One can formulate approximation for gradients of \(\,{{\mbox{Var}}}\,\left(\bar{H}\right)\) with respect to continuous proxy of mα (see Supplementary Note 3), which leads to a gradient descent scheme that we will refer to as gradient-based measurement allocation (GMA). Yet, a computationally more efficient, non-gradient iterative scheme was found and detailed below.
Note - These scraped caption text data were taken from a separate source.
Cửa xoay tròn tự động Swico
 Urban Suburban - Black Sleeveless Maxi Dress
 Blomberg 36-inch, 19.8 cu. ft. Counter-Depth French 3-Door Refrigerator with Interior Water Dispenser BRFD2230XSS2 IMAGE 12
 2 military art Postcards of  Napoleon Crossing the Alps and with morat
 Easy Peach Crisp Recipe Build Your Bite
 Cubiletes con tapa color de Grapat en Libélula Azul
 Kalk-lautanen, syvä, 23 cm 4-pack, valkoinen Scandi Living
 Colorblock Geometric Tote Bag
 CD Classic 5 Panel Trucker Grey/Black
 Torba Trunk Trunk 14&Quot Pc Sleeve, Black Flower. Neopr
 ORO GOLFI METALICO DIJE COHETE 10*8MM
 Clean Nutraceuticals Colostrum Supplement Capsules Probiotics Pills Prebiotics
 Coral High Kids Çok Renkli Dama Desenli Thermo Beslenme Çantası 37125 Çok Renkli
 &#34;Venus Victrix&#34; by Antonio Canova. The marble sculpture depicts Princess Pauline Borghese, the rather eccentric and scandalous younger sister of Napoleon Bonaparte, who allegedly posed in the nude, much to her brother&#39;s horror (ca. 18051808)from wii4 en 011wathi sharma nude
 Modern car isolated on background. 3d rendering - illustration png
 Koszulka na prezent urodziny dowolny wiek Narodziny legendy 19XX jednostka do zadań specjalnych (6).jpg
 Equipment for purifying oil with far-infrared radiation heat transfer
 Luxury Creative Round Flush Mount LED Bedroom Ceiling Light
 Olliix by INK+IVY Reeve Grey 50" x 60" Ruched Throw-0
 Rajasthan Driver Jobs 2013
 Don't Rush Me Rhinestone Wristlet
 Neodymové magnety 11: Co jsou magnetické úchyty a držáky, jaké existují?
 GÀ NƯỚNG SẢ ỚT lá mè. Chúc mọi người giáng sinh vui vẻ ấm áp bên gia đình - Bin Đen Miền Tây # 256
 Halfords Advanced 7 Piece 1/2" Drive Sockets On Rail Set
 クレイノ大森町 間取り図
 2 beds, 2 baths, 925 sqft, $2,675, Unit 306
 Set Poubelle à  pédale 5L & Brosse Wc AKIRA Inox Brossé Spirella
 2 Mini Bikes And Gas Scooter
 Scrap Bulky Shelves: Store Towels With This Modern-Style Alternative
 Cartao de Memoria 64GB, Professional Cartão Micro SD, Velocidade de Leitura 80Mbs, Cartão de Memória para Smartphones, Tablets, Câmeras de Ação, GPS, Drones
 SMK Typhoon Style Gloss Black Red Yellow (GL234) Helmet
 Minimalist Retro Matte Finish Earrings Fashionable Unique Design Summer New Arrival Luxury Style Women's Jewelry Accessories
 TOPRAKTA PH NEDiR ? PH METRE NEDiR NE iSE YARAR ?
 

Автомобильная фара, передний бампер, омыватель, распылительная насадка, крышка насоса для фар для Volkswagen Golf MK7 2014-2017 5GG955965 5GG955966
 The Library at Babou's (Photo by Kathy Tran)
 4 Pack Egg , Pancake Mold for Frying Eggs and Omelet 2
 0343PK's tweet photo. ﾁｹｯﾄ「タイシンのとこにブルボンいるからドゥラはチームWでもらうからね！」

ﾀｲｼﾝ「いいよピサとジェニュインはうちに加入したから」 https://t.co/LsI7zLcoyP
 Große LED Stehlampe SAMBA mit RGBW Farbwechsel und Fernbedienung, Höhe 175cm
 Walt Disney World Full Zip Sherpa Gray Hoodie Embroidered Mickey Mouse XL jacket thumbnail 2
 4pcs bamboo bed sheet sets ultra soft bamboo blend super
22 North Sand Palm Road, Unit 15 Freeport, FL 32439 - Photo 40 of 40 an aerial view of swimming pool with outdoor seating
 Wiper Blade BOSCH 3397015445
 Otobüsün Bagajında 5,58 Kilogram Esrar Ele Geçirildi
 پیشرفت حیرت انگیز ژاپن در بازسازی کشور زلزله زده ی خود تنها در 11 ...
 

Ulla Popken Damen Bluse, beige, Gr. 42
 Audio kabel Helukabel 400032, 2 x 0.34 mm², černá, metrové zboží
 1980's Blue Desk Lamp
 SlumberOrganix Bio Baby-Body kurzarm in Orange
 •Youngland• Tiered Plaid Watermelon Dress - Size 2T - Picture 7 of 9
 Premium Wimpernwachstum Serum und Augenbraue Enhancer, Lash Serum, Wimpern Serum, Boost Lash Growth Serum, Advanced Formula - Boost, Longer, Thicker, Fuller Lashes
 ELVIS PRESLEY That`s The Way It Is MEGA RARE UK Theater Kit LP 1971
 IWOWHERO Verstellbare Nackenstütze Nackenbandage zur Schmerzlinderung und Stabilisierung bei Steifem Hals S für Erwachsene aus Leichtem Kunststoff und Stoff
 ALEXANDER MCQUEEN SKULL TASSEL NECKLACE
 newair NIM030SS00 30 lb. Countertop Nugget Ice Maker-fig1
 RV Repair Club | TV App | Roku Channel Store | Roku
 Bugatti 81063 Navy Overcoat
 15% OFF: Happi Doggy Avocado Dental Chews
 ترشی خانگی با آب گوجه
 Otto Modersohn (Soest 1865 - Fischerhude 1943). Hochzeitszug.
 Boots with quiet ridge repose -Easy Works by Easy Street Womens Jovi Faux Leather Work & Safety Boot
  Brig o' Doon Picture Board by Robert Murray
Iterative measurement allocation (IMA)

Given an initial guess for \({m}_{\alpha }^{(0)}\) and resulting \({M}_{k}^{(0)}\), the corresponding coefficient splitting partitioning of the Hamiltonian is

$$\begin{array}{r}\hat{H}=\mathop{\sum }\limits_{\alpha }^{L}{\hat{A}}_{\alpha }^{(0)},\end{array}$$
(19)

where

$$\begin{array}{r}{\hat{A}}_{\alpha }^{(0)}=\mathop{\sum}\limits_{k}\frac{{m}_{\alpha }^{(0)}}{{M}_{k}^{(0)}}{c}_{k}{\hat{P}}_{k},\,{\hat{P}}_{k}\in {{{{\mathcal{P}}}}}_{\alpha }.\end{array}$$
(20)

Recall that the optimal measurement allocation for any coefficient splitting is given by Eq. (9). Thus, we use this optimal allocation to update \({m}_{\alpha }^{(i)}\) as

$$\begin{array}{r}{m}_{\alpha }^{(i)}\to {m}_{\alpha }^{(i+1)}\propto \sqrt{{{{\mbox{Var}}}}_{\psi }\left({\hat{A}}_{\alpha }^{(i)}\right)},\end{array}$$
(21)

which leads to the update in measurable groups

$$\begin{array}{r}{\hat{A}}_{\alpha }^{(i)}\to {\hat{A}}_{\alpha }^{(i+1)}=\mathop{\sum}\limits_{k}\frac{{m}_{\alpha }^{(i+1)}}{{M}_{k}^{(i+1)}}{c}_{k}{\hat{P}}_{k},\,{\hat{P}}_{k}\in {{{{\mathcal{P}}}}}_{\alpha }\end{array}$$
(22)

Since there is no guarantee that each iteration will necessarily lower \(\,{{\mbox{Var}}}\,\left(\bar{H}\right)\) in Eq. (17), we repeat these steps multiple times and choose mα that result in the lowest estimator variance. Empirically, the procedure finds the best measurement allocation in first few cycles.

Method summary

Conceptually, there are three approaches described above: non-overlapping grouping, coefficient splitting, and measurement allocation. For all of them expectation value of the Hamiltonian is a sum of estimators for expectation values of fragments \(\bar{H}={\sum }_{\alpha }{\bar{H}}_{\alpha }\), and the variance for the \(\bar{H}\) estimator is given by Eq. (7). The differences between three methods are in the fragment definitions: non-overlapping grouping use fragments with original Hamiltonian coefficients ck for Pauli products and each Pauli products entering only a single fragment, coefficient splitting and measurement allocation allow Pauli products to enter multiple groups with coefficients defined by the optimization procedure for Eq. (12) and \({c}_{k}^{(\alpha )}={c}_{k}{m}_{\alpha }/{M}_{k}\) (cf. Eq. (22)), respectively. Variables that are optimized to obtain the lowest estimator variance are the numbers of measurements mα for measurement allocation and \({c}_{k}^{(\alpha )}\) and mα for coefficient splitting. The main advantage of the measurement allocation approach is a much lower number of optimization variables (mα) compared to that of the coefficient splitting scheme (\({c}_{k}^{(\alpha )}\)). Yet, note that positivity of mα imposes not only a limitation of measurement allocation with respect to coefficient splitting but also with respect to non-overlapping grouping. In non-overlapping grouping, \({c}_{k}^{(\alpha )}\) are either 0 or ck, but in measurement allocation, \({c}_{k}^{(\alpha )}\) cannot be zero.